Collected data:

____

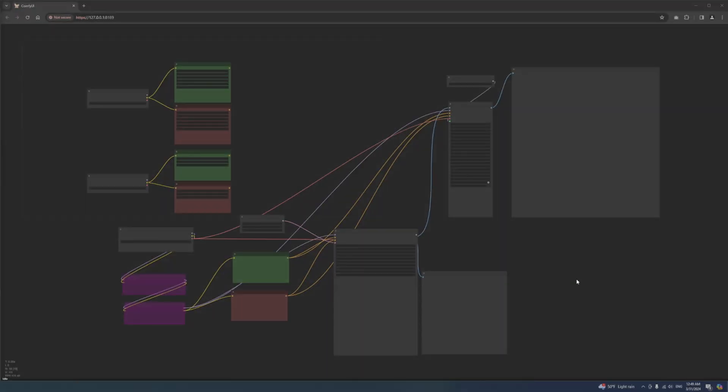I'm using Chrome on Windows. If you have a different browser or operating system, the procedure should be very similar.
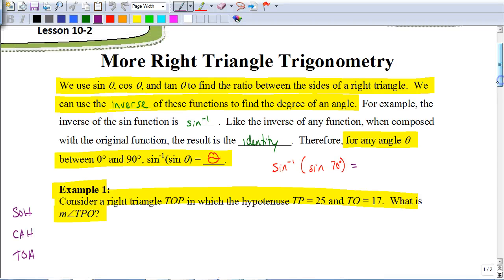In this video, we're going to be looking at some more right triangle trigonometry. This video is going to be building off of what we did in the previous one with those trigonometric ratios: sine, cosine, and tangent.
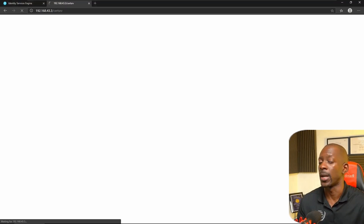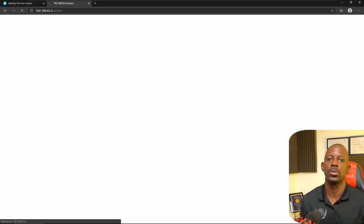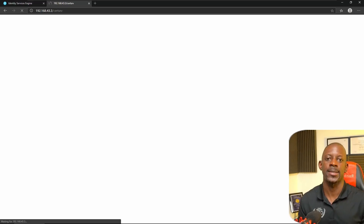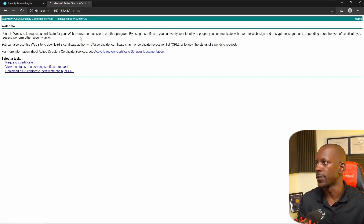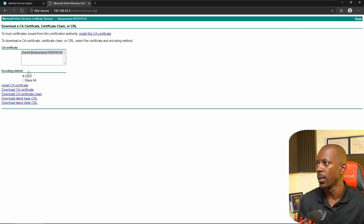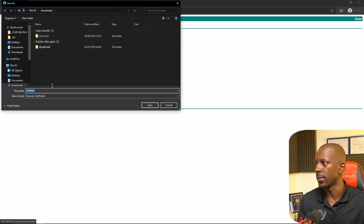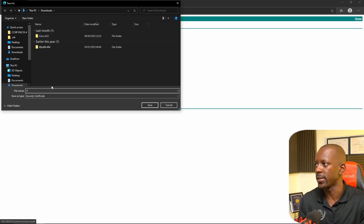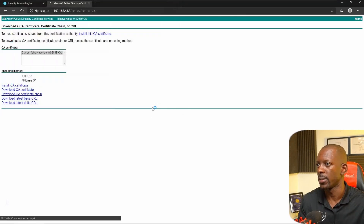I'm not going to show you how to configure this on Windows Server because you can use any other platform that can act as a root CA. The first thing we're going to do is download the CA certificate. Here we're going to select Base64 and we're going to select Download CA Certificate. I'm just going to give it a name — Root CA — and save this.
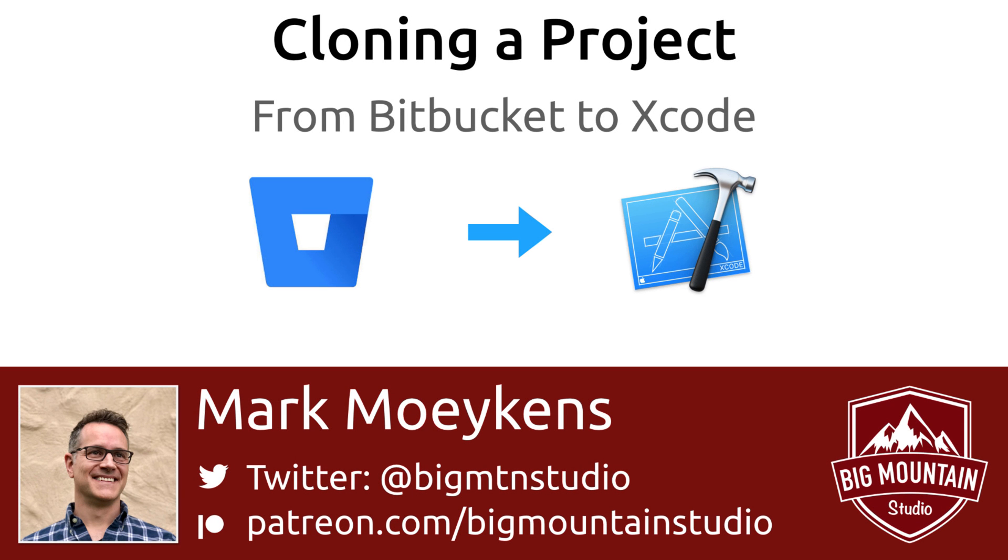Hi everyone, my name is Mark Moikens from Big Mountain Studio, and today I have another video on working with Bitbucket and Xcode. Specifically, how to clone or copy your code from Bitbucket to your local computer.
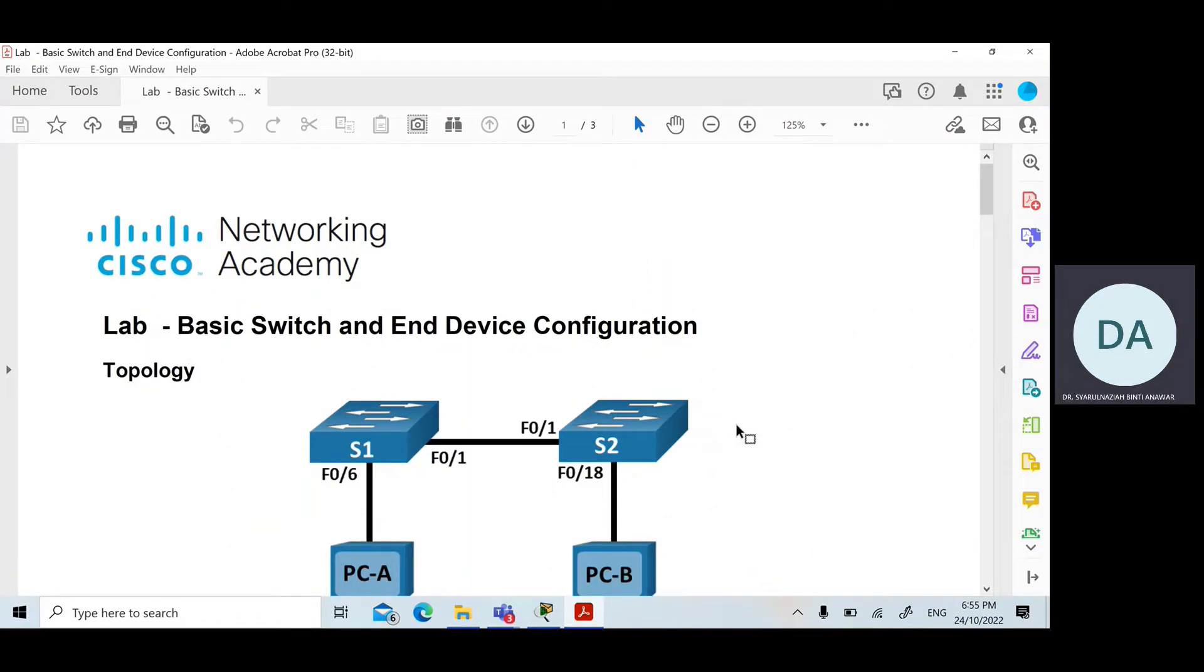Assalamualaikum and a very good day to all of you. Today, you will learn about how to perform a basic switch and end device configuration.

____

TASK TO CARRY OUT: Would you repeat exactly, and only, the lines from the start of the records above through the line containing "Hi everyone, my", with the pictures omitted?

RESULT BELOW:
I'm using Chrome on Windows. If you have a different browser or operating system, the procedure should be very similar.
In this video, we're going to be looking at some more right triangle trigonometry. This video is going to be building off of what we did in the previous one with those trigonometric ratios: sine, cosine, and tangent.
I'm not going to show you how to configure this on Windows Server because you can use any other platform that can act as a root CA. The first thing we're going to do is download the CA certificate. Here we're going to select Base64 and we're going to select Download CA Certificate. I'm just going to give it a name — Root CA — and save this.
Hi everyone, my name is Mark Moikens from Big Mountain Studio, and today I have another video on working with Bitbucket and Xcode. Specifically, how to clone or copy your code from Bitbucket to your local computer.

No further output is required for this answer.